Changed guidance for FY20 due to NBN Corporate Plan 2020: Telstra has changed its guidance for FY20, after the release of NBN Co’s Corporate Plan 2020. NBN Co’s Corporate Plan 2020 gave an updated information of the company’s outlook for FY20 which stated a reduction in the total number of premises forecast, which were supposed to be connected in FY20. The number decreased from 2 million to 1.5 million, a drop of 25%. These 500,000 reductions will be a divided into two parts- 400,000 less brownfield premises and 100,000 less Greenfield premises which were supposed to be connected in FY20.
Source: Company Report
Financial Highlights: The company reported a decline in revenue of 3.6% in FY19 to $27.8 billion. Reported EBITDA also declined by 21.7% to $8.0 billion. The NPAT of the company declined by 39.6% to $2.1 billion. The total estimated impact of the recurring headwind that the company has incurred due to nbn on EBITDA is approximately $1.7 billion from FY16 to FY19.
Stock Performance: On 13th September 2019, TLS stock last traded A$3.610, moving up by 0.557 percent from the prior close. In the last six months period, the stock has generated a positive return of 12.04 percent. The stock has a P/E multiple of 19.830X.
TPG Telecom Limited
About the company: TPG Telecom Limited (ASX: TPM) is an Australian telecommunication company. It provides internet to consumers and businesses. The company also provides mobile telephone services. The market capitalization of the company stood at A$6.51 billion as on 13th September 2019.
FY19 results highlights: The company reported revenue of $2,477.4 million in FY19 which was flat as compared to revenue to FY18. Underlying EBITDA was down by 1% to $818.4 million. NPAT of the company declined by 13% to $173.8 million. The results of TPM were deeply impacted by the Company’s choice to stop the rollout of its Australian Mobile network in January 2019, due to which impairment cost of $236.8 million was created and there was a significant increase in amortisation and interest expense.
Financial Highlights of the company Source: Company’s Presentation
Financial position of the company: The company’s net operating cash flow before tax were very strong and above the EBITDA at $836.3 million. By the end of FY19, the company had a net debt of $1.94 billion which shows a leverage ratio of 2.4X underlying FY19 EBITDA.
Capex in FY19: The total capital expenditure in FY19 stood at $717.3 million which included $352.4 million instalment for 2*10 MHz of 700Mhz spectrum, which was acquired at auction in 2017, $86.1 million invested to build Australian mobile network and another $80.1 million invested to build Singapore mobile network.

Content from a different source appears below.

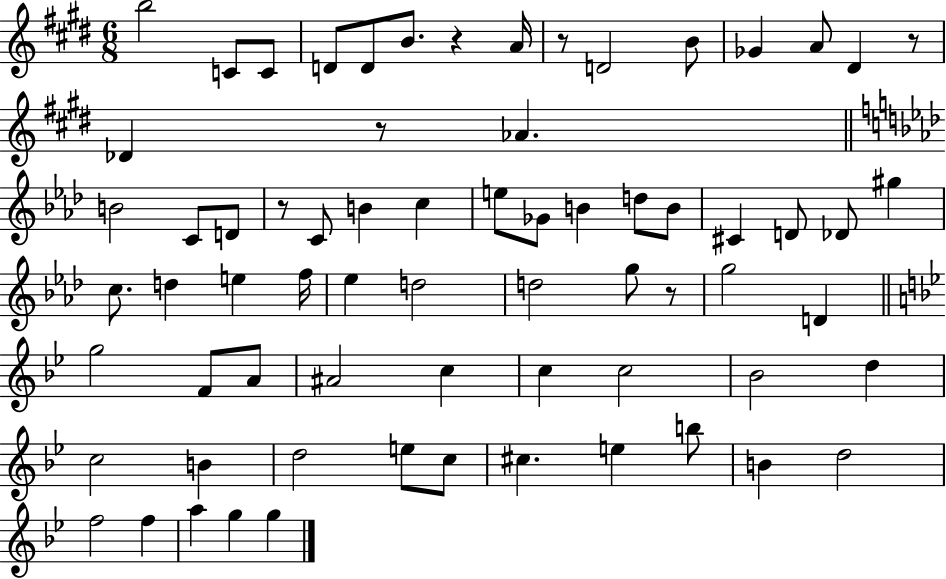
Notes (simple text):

B5/h C4/e C4/e D4/e D4/e B4/e. R/q A4/s R/e D4/h B4/e Gb4/q A4/e D#4/q R/e Db4/q R/e Ab4/q. B4/h C4/e D4/e R/e C4/e B4/q C5/q E5/e Gb4/e B4/q D5/e B4/e C#4/q D4/e Db4/e G#5/q C5/e. D5/q E5/q F5/s Eb5/q D5/h D5/h G5/e R/e G5/h D4/q G5/h F4/e A4/e A#4/h C5/q C5/q C5/h Bb4/h D5/q C5/h B4/q D5/h E5/e C5/e C#5/q. E5/q B5/e B4/q D5/h F5/h F5/q A5/q G5/q G5/q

Stock Performance: On 13th September 2019, TPM stock closed at A$7.100, up by 1.14 percent from the prior close. In the last six months period, the stock has generated a positive return of 3.54 percent. The stock has a P/E multiple of 37.540X.
Vocus Group Limited
About the company: Vocus Group Limited (ASX: VOC) is a telecommunications services provider. The company has a widespread national infrastructure network of metro and back haul fibre joining all capital cities. The market capitalization of the company stood at A$2.14 billion as on 13th September 2019.
Resignation of company secretary: Ashe-lee Jegathesan, has resigned as the company secretary. Simon Lewin will take charge from 25th September 2019.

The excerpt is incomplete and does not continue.